I typically drive a TR8 in ITS. A friend and I built a SM to run this enduro, and to try and rent out next year to cover the cost of doing an enduro each year.

First time this weekend driving an SM. As an IT driver, I've always wondered why these cars always seemed to be bumping and banging off of each other.

I think, after 2.5 hours in the car on Saturday, I can make two perhaps helpful non-driver specific observations for non-SM drivers:

1. An SM makes you feel like superman. I'm not kidding. It is underpowered, handles great (and predictably), and stops well. You can do things in that car that would get you killed in your IT car. Case in point: when I get the Uphill Esses exactly right in my TR8, I am much faster through there than I am in the SM. BUT, if I am even a few inches off, I'm toast, off the track and possibly in big trouble. WIth the SM, I could go flat out through the esses using a couple of different lines. The SM would recover just fine.
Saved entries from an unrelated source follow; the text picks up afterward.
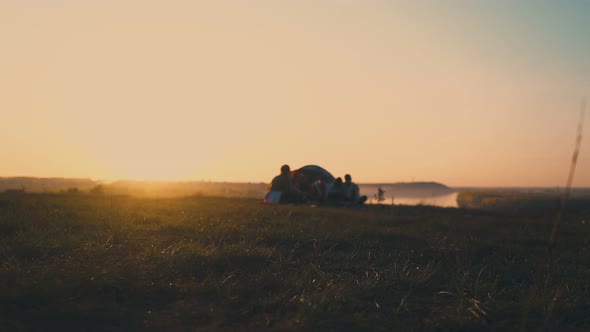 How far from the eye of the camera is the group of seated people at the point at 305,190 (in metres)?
22.7

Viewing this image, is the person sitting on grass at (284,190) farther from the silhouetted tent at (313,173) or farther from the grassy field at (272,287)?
the grassy field at (272,287)

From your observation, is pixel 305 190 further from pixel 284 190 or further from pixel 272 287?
pixel 272 287

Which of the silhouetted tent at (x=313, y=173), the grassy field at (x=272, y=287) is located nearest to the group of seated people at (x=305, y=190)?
the silhouetted tent at (x=313, y=173)

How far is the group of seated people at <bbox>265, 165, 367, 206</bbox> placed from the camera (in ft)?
74.4

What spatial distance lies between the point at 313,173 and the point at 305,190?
124cm

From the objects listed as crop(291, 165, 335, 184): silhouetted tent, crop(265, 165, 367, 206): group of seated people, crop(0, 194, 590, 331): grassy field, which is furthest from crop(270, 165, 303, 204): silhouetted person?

2. Lifting in the SM is death -- the car just comes to a halt and the rest of your competitors sail away. As an IT driver in a car with torque, I can back off, and then get back on the throttle and not totally kill a lap. In the SM, any lift would have dire implications for several corners at least. I think this encourages, at least it did with me, trying to find ways NOT to lift at all.

My first session I was certainly guitly of playing Wreck Pinata, puttin gthe car in the tire wall in Oak Tree with an ill advised pass of an ITS car that was just going to run me down on the backstraight. After seeing the cost to my team (2 laps pulling out the right front fender) of that move, I settled down and just tried to be consistent.

So, while I like and respect the car, I think I am going to put down teh crack pipe and stay with my TR8, which requires me to be more precise and stay out of trouble to go fast. The Miata, on the other hand, just tempts you and tempts you to do things you shouldn't.

The solution? An SM only run group. Let them have fun in those cars because I do think they are/need to be driven differently than most other IT type cars.